Improving Your Business’ Working Capital
Your business’s working capital is determined by subtracting your liabilities from your assets. Working capital calculations should be done on a weekly basis to give you a good idea of where you stand and what you can improve. The more working capital you have, the more you can put towards bigger projects, invest in new equipment or even move to a new location. You can improve your numbers by looking at both your liabilities and your assets to see what can move in which direction.
Accounts Receivable and Payable
Accounts receivable are the outstanding invoices that are being paid to you and accounts payable are the ones being paid by you. The longer your customers are taking to pay their accounts, the less funding you have available to pay yours. This means that you should keep on top of payment reminders, keep track of which clients are the best and worst at making timely payments.
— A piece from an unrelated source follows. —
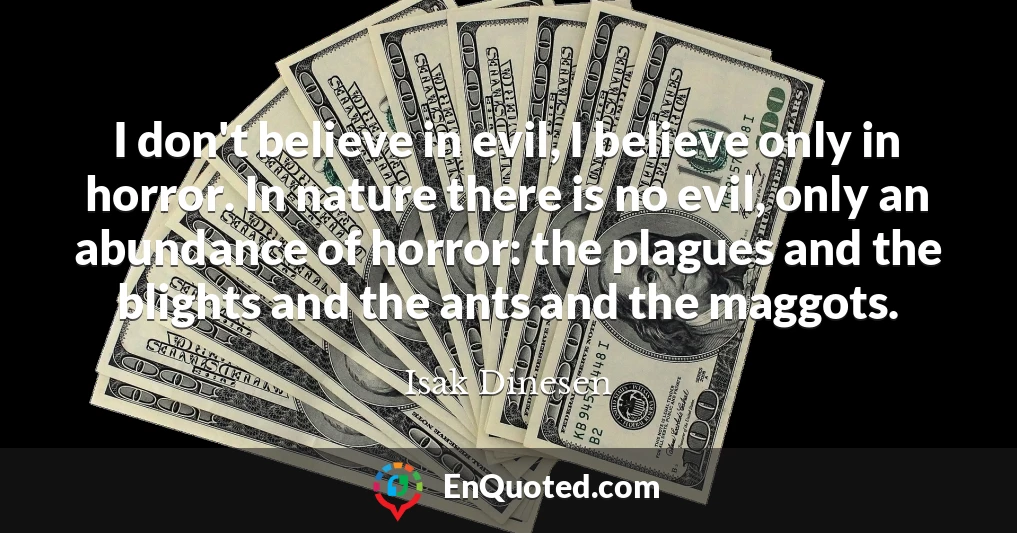 I don't believe in evil, I believe only in horror. In nature there is no evil, only an abundance of horror: the plagues and the blights and the ants and the maggots.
The same goes for your accounts, if you are late paying your suppliers, then you are likely to rack up late fees that cut into your bottom line. You can also keep up on the terms of repayment and try to negotiate better prices.
Expenses and Supplies
Working capital has a lot to do with your expenses and supplies in that those are both costs that come from that fund. The more expenses you have on a monthly basis, the fewer supplies you can afford to purchase and vice versa. It is also a good idea to keep your eye out for ways to save on both fronts with one purchase. For instance, if you can switch to energy-saving equipment when you upgrade, then you can save on your electric bill in the long run.
Tax Opportunities and Credit Risks
Keeping your eye on the changing tax codes can really help you save money for other projects. Maybe there is a new tax incentive or deduction that you can take advantage of this year or one you can work toward using next year.
You should also calculate the credit risks of your customers or distributors as well as the risks you take when applying for credit yourself. Both areas can land you in repayment troubles from different sides of extended credit.
Working capital is the funding you use daily to keep your company running. It is calculated by subtracting your current liabilities from your current assets and represents the funding you can quickly bring to fix a problem or start a new project. The closer you keep track of both your assets and liabilities, the healthier your capital will be.